What strange misconceptions.
Capitalism is the principle that prices are information. That is part of the reason why Communist Eastern Europe suffered far greater ecological damange the the capitalist West did during the same period.
If you accept the "peak oil" hypothesis, the effect of the "invisible hand" will be to end the use of petroleum as fuel as it becomes scarcer. The question, in fact, is whether the general welfare might requires cushioning the thoroughness and speed with which market mechanisms would effect the transition.
The author's confusion is bottomless:
All hail Wal-Mart for imposing a 20% reduction in its own carbon emissions. But the point is that supermarkets are over. We cannot have such long supply lines between us and our food. Not any more. The very model of the supermarket is unsustainable, what with the packaging, food miles and destruction of British farming. Small, independent suppliers, processors and retailers or community-owned shops selling locally produced food provide a social glue and reduce carbon emissions.

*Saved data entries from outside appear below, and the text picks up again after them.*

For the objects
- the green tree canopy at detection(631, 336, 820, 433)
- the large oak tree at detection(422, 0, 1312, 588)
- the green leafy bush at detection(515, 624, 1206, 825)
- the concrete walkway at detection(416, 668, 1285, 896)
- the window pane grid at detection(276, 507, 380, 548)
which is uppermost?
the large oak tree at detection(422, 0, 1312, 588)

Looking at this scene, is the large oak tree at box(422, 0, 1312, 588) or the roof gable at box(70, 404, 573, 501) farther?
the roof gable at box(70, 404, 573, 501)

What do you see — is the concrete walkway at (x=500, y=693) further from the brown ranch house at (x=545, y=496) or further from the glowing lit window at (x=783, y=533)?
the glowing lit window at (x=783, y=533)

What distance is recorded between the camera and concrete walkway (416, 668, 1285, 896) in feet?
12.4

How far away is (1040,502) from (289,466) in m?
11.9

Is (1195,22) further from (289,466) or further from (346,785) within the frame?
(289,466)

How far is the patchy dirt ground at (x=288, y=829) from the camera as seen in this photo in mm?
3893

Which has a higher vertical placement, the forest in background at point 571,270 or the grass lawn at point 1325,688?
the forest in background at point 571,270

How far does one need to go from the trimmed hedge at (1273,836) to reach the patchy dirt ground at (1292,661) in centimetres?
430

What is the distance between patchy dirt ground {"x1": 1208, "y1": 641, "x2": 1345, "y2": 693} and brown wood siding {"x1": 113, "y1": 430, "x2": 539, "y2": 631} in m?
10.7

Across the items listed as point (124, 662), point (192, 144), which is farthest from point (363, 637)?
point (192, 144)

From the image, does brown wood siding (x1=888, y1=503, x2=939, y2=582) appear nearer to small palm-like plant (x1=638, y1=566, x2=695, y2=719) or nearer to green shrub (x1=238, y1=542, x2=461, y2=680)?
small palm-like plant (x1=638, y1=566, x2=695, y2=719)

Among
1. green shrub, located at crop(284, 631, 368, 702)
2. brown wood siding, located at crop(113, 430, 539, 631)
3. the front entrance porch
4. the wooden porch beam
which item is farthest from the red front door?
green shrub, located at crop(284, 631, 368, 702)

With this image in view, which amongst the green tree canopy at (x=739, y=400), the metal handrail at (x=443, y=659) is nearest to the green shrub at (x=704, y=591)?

We have long supply lines between producers and consumers because that is the cheapest way to do it. Since prices reflect labor and the cost materials, that means that long supply lines use less energy than would producing food locally.

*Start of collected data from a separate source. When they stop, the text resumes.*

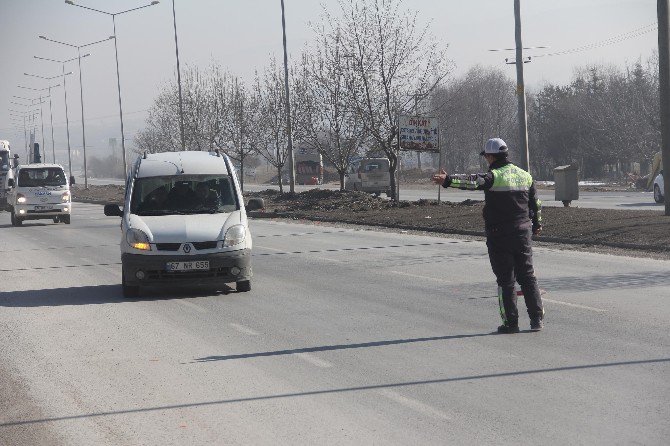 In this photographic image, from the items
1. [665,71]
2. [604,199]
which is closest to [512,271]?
[665,71]

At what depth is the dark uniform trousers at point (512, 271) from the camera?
10.8m

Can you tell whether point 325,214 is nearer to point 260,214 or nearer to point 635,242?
point 260,214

I can only repeat: the United States had more forest cover in 2000 than it did in 1900, despite a tripling of the population in that time, precisely because almost all the small farms on less desirable land around the major cities were abandoned.
Solutions need to come from people themselves. But once set up, local autonomous groups need to be supported by technology transfers from state to community level.
We know from a century of sad experience that "autonomous groups" means guys who come to heckle at every public meeting bit can't seem to win any actual elections.